| TASK INSTRUCTIONS |
Starting from the line that holds "Look smarter than", output exactly each line through the end of the listing. Do not copy pictures.

| PROVIDED DATA |
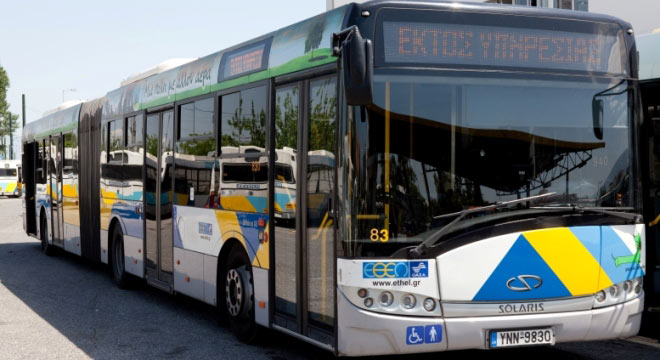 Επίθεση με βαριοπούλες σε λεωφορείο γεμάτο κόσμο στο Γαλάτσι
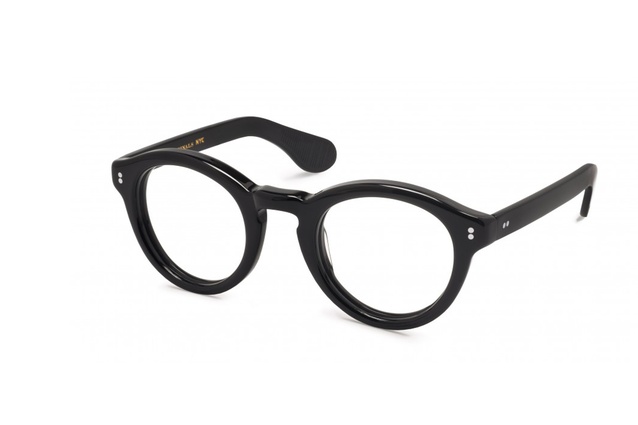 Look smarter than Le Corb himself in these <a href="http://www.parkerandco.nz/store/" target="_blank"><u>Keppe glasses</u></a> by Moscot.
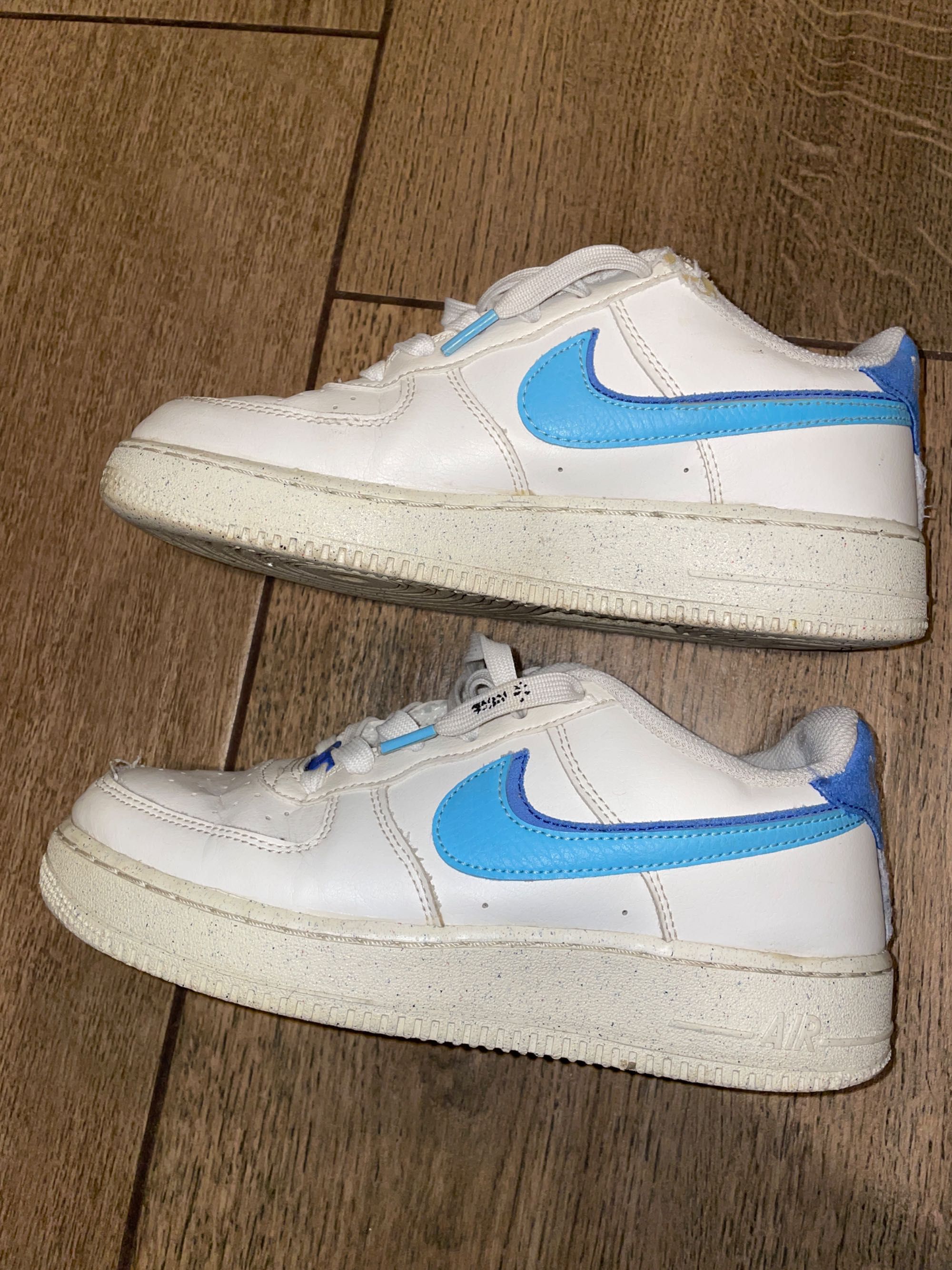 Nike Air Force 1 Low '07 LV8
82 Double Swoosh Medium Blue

| RESULT |
 Look smarter than Le Corb himself in these <a href="http://www.parkerandco.nz/store/" target="_blank"><u>Keppe glasses</u></a> by Moscot.
 Nike Air Force 1 Low '07 LV8
82 Double Swoosh Medium Blue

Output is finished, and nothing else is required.